HRW bulls’ next upside price objective is closing March prices above solid chart resistance at $6.00. The bears’ next downside objective is closing prices below solid technical support at this week’s low of $5.49 1/4. First resistance is seen at today’s high of $5.90 3/4 and then at $6.00. First support is seen at $5.80 and then at today’s low of $5.71 3/4.
What to Do: Get current with advised sales.
Hedgers: You should be 70% sold in the cash market for 2024 crop. You should have 20% forward sold for harvest delivery in 2025.
Cash-only marketers: You should be 70% sold for the 2024 crop. You should also be 20% sold for harvest delivery for expected 2025-crop.
Cotton
Price action: March cotton rose 16 points to 66.04 cents, ending nearer the session high.
Fundamental analysis: Cotton futures extended to a fresh low, edging to the lowest level since Oct. 2020. The natural fiber faded amid continued pressure from a rocketing U.S. dollar and tumbling equities as the Trump administration indicated a new round of tariffs would affect Canada, Mexico, China and most recently the European Union. However, prices did manage to rebound from the daily low following reports that some of the planned tariffs would be delayed a month. The current environment will certainly keep traders on their heels as the situation progresses.
Brazil’s safrinha cotton crop continues to face delays, with planting in Mato Grosso still well behind normal, with only 33.5% of the crop planted as of Jan. 26, down from 75.2% last year. Mato Grosso is the most behind in planting and that is not expected to improve until the next drier period, which is expected late next week into the week of Feb. 10.
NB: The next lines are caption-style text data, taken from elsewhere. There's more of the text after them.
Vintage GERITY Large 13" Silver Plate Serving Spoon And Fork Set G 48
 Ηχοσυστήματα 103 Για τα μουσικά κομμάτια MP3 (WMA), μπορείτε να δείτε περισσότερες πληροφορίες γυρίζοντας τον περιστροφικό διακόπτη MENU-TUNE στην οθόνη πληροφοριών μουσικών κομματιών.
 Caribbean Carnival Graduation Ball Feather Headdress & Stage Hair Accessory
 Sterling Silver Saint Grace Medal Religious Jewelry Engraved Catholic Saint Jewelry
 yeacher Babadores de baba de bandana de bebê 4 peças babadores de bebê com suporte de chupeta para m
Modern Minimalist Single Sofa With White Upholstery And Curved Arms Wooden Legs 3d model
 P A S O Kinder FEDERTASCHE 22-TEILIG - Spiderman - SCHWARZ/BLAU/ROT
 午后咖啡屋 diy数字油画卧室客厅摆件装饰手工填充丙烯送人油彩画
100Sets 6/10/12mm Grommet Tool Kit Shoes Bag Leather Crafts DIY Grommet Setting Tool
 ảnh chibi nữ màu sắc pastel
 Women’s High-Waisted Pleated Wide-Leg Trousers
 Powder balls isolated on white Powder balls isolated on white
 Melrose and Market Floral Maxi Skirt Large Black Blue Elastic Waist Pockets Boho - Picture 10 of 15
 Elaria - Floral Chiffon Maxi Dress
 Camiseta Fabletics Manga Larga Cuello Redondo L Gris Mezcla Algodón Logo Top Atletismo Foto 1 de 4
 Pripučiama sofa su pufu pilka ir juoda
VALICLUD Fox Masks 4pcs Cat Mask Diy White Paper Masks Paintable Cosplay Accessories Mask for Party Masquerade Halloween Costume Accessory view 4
Technical analysis: March cotton futures edged to a new contract low overnight, though ended well off the daily low by the close. Bears continue to hold the near-term technical advantage and will face initial resistance at 66.34 cents, then at the 10-, 20- and 40-day moving averages of 66.90 cents, 67.36 cents and 68.20 cents. Conversely, support will remain at 67.36 cents, 65.24 cents then at today’s low of 65.01 cents and again at 64.78 cents.
What to do: Get current with advised sales and hedges.
Hedgers: You should be 35% sold in the cash market on 2024-crop.
Cash-only marketers: You should be 35% sold on 2024-crop.